We asked everyone coming down from the lake if they saw a pretty redhead with five kids and everyone said, “Yep, and she’s looking for you.”
I bet she is.
We finally caught up with her at the lake and fortunately she had extra food because I had all my kids’ food with me.
The kids played around the lake and I pondered the great irony that so far our trips have turned into fiascos because the same kid just had to take a shit.
But you know what? It was a great hike and we got out of the heat.
I dumped my kids off at various friends’ houses and enjoyed a dinner on the patio of the Mountain Sun and actually felt young and in love again. It’s amazing what NOT HAVING KIDS AROUND does does one’s feeling of carefreeness.
Oh, and this car parked in front of The Sun which tickled me to no end.
While sitting at The Sun we met a lovely man from Ghana named Kwesi Frank. He was staying in Denver with a host family and visiting Boulder for the day. He wanted to stay and check out Boulder some more because it reminded him so much of his home in Accra. We had lots of mutual friends (from my days taking African Dance) and naturally Lonny invited him to spend the night in our guest room.
The boys loved Kwesi. I was tired from all the hiking and screaming at kids so I hung back and enjoyed observing them tell each other about their lives.
They pulled up Google Maps so they could see where Kwesi lived and taught in Accra and Itchy showed him the hospital where he was born. They also used Youtube to explain what inner tubing was.
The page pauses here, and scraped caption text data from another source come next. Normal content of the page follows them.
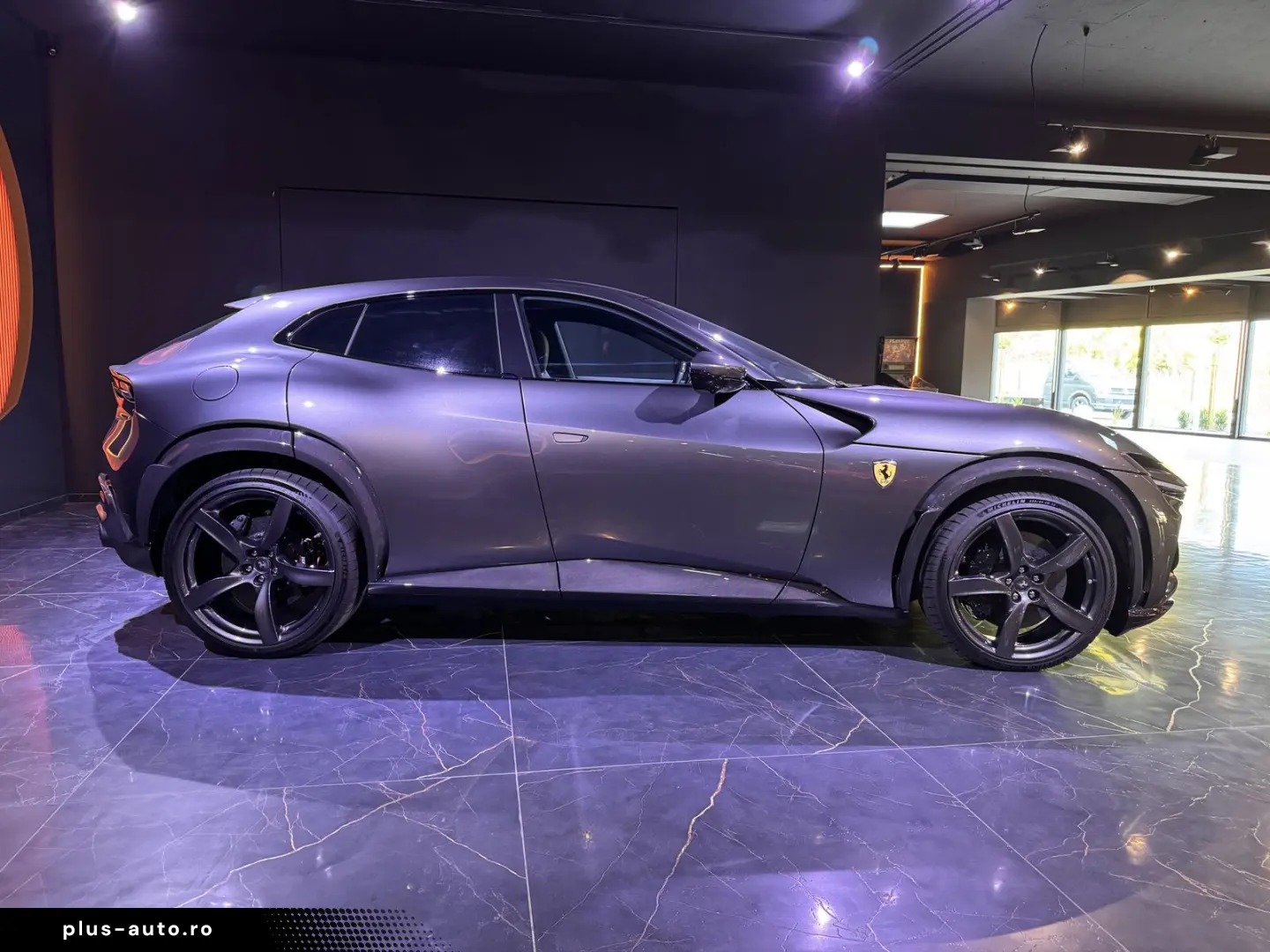 Ferrari  Purosangue Carbon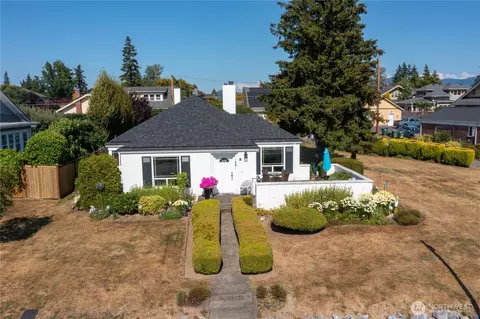 2716 Cornwall Ave, Bellingham, WA 98225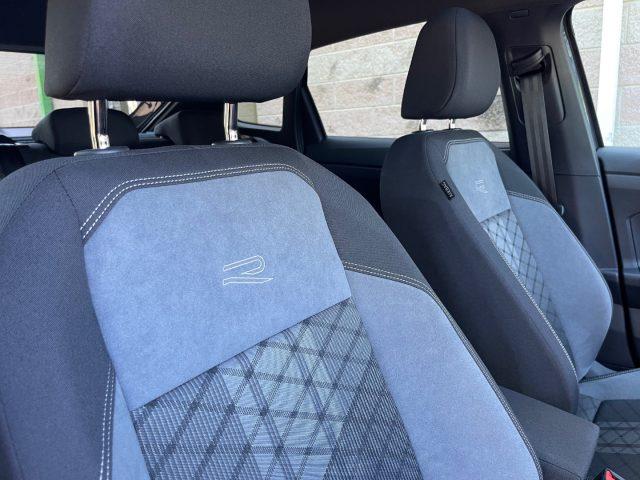 VOLKSWAGEN Taigo TSI 110CV R-LINE UNIPROPRIETARIO CERCHI DA 18"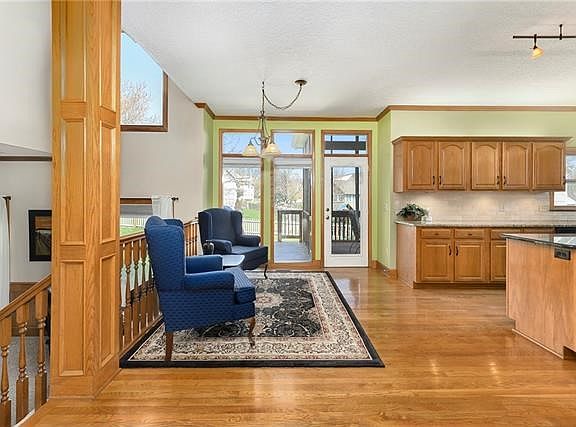 3rd image of 204 SE Sumpter Dr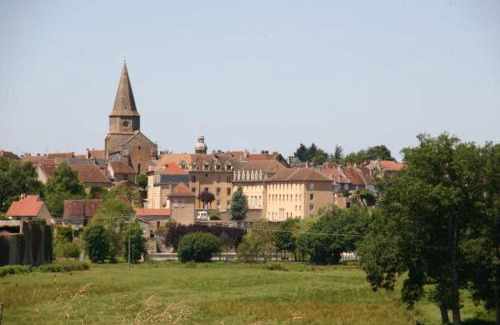 Magnac-Laval Maison | La petite maison de l'étang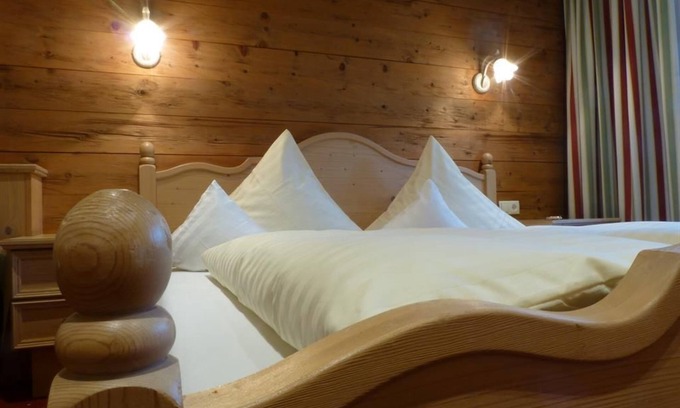 Obsteig Bed & Breakfast | Double room "Grünberg" with south-facing balcony - Pension Alpenhof - feel-good board
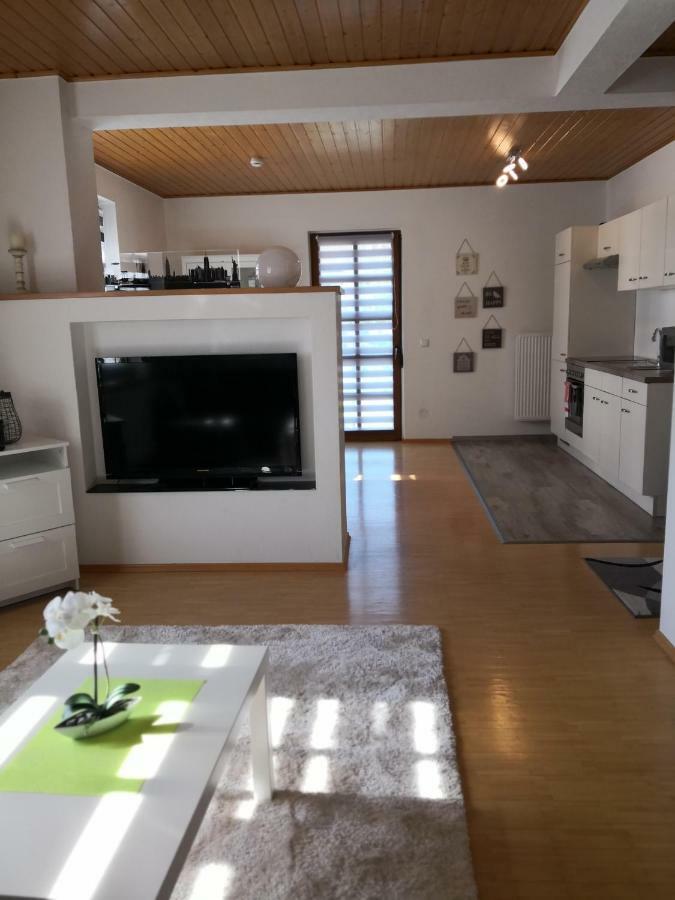Apartment Ferienwohnung Emmerthal Auch Fuer Monteure Fewo Bagian luar foto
Kwesi was so engaged with the boys, showing them his world and fully absorbing theirs. Then he watched the USA/Argentina game with Loony and I went to bed. He was gone by the time I got home from my hike the next morning.
Yes, it was a little odd inviting a man to stay in our house that we had just met, but he was so kind and interesting. We will probably never see him again but we got to share a lovely summer evening with him and the kids.